GIVEN DATA START
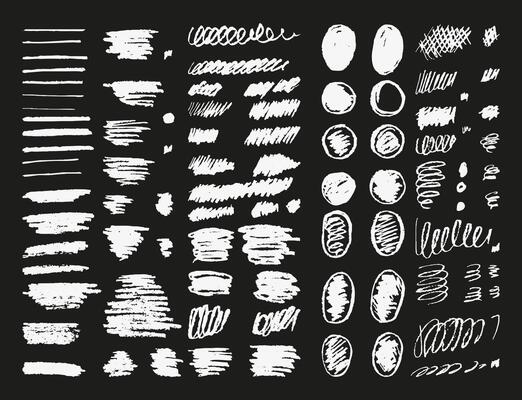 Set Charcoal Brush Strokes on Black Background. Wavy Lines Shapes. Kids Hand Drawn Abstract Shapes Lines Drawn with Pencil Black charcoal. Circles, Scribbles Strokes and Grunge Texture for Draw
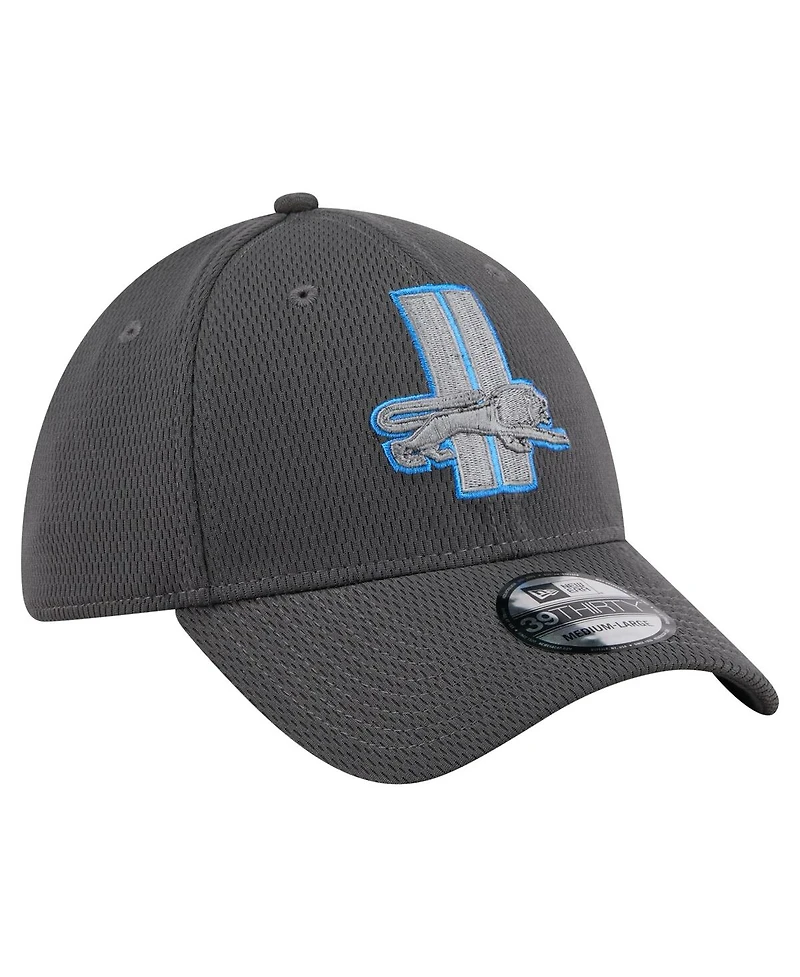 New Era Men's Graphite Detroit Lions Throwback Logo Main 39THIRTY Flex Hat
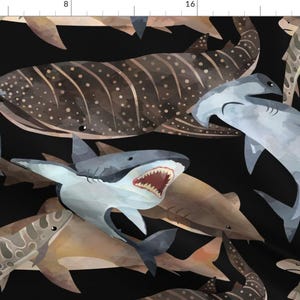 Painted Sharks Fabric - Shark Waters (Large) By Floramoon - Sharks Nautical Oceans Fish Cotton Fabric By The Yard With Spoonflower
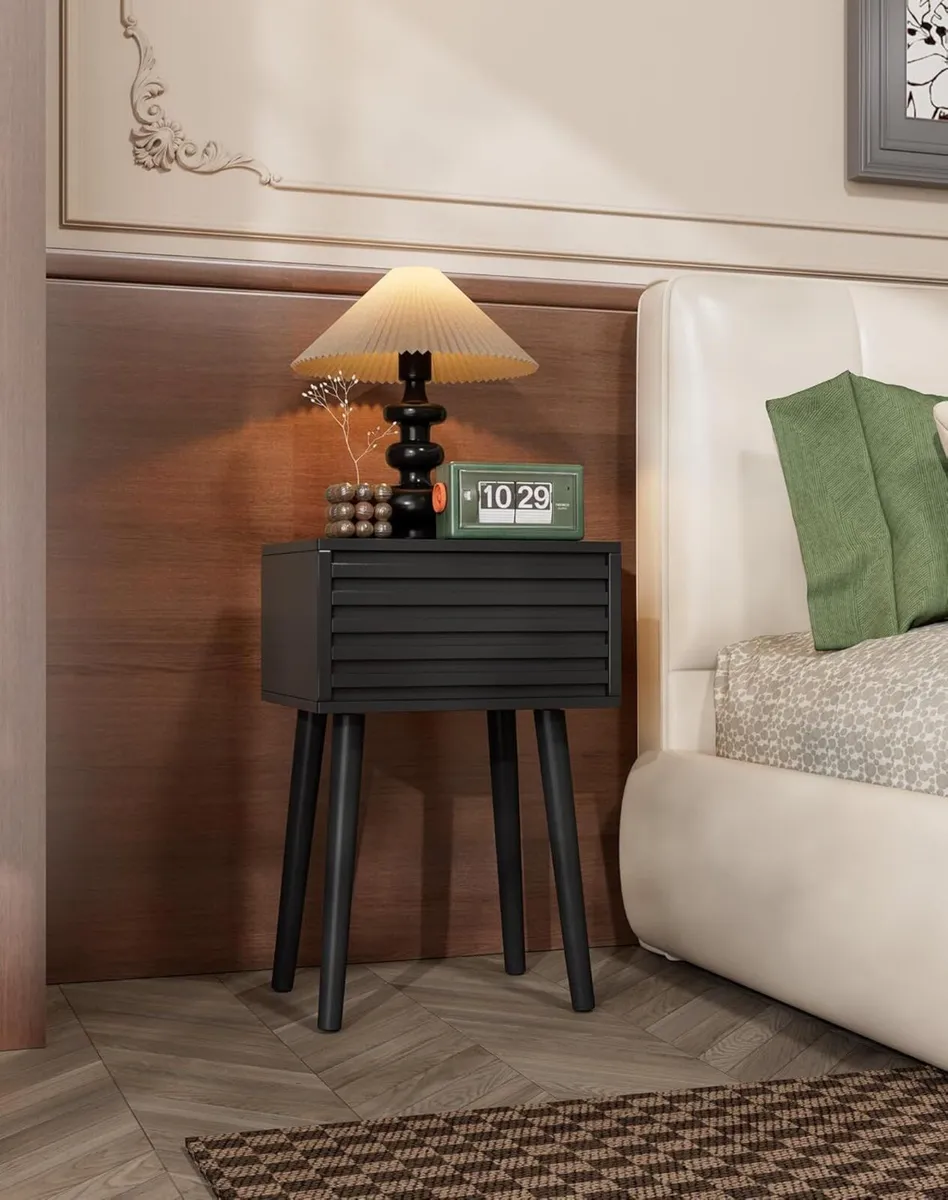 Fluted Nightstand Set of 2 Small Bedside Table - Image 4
GIVEN DATA END
### WHAT YOU NEED TO DO
Please return only the lines from the top of the data through the line with "Painted Sharks Fabric", exactly as written, and drop every picture.

### TASK RESPONSE
 Set Charcoal Brush Strokes on Black Background. Wavy Lines Shapes. Kids Hand Drawn Abstract Shapes Lines Drawn with Pencil Black charcoal. Circles, Scribbles Strokes and Grunge Texture for Draw
 New Era Men's Graphite Detroit Lions Throwback Logo Main 39THIRTY Flex Hat
 Painted Sharks Fabric - Shark Waters (Large) By Floramoon - Sharks Nautical Oceans Fish Cotton Fabric By The Yard With Spoonflower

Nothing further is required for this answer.